Description of the task
It is required that the lines from the top of the listing through the line with "May include: Four" be reproduced exactly, excluding pictures.

Supplied material
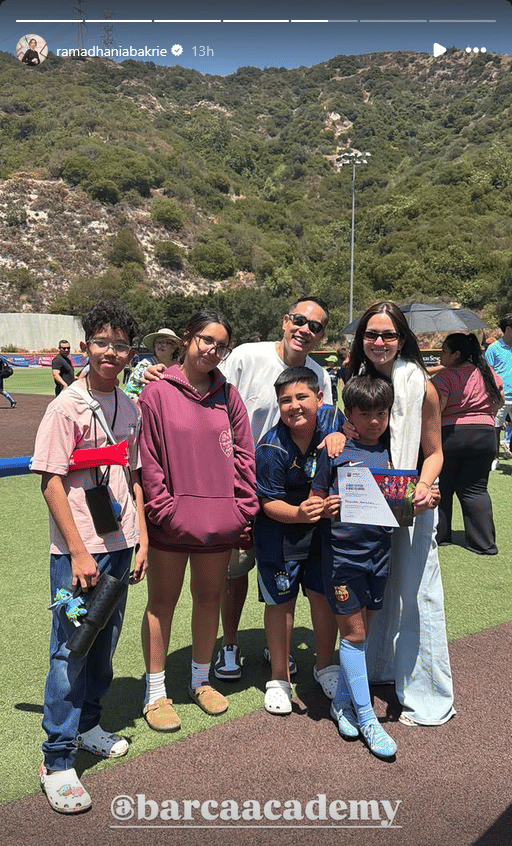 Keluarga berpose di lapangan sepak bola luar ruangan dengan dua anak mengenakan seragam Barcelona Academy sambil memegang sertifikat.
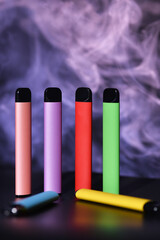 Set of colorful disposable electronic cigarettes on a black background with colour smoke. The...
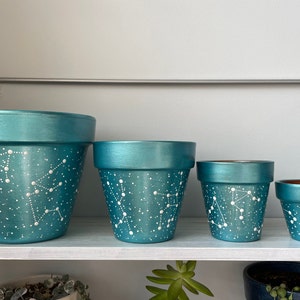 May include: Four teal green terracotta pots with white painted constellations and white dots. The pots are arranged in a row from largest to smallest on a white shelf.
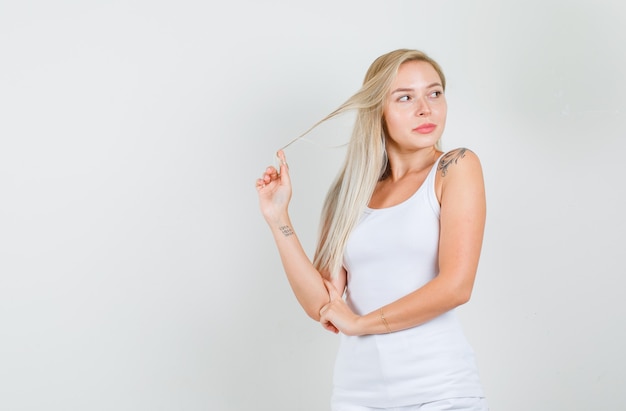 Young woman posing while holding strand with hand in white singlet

Reply to the task
 Keluarga berpose di lapangan sepak bola luar ruangan dengan dua anak mengenakan seragam Barcelona Academy sambil memegang sertifikat.
 Set of colorful disposable electronic cigarettes on a black background with colour smoke. The...
 May include: Four teal green terracotta pots with white painted constellations and white dots. The pots are arranged in a row from largest to smallest on a white shelf.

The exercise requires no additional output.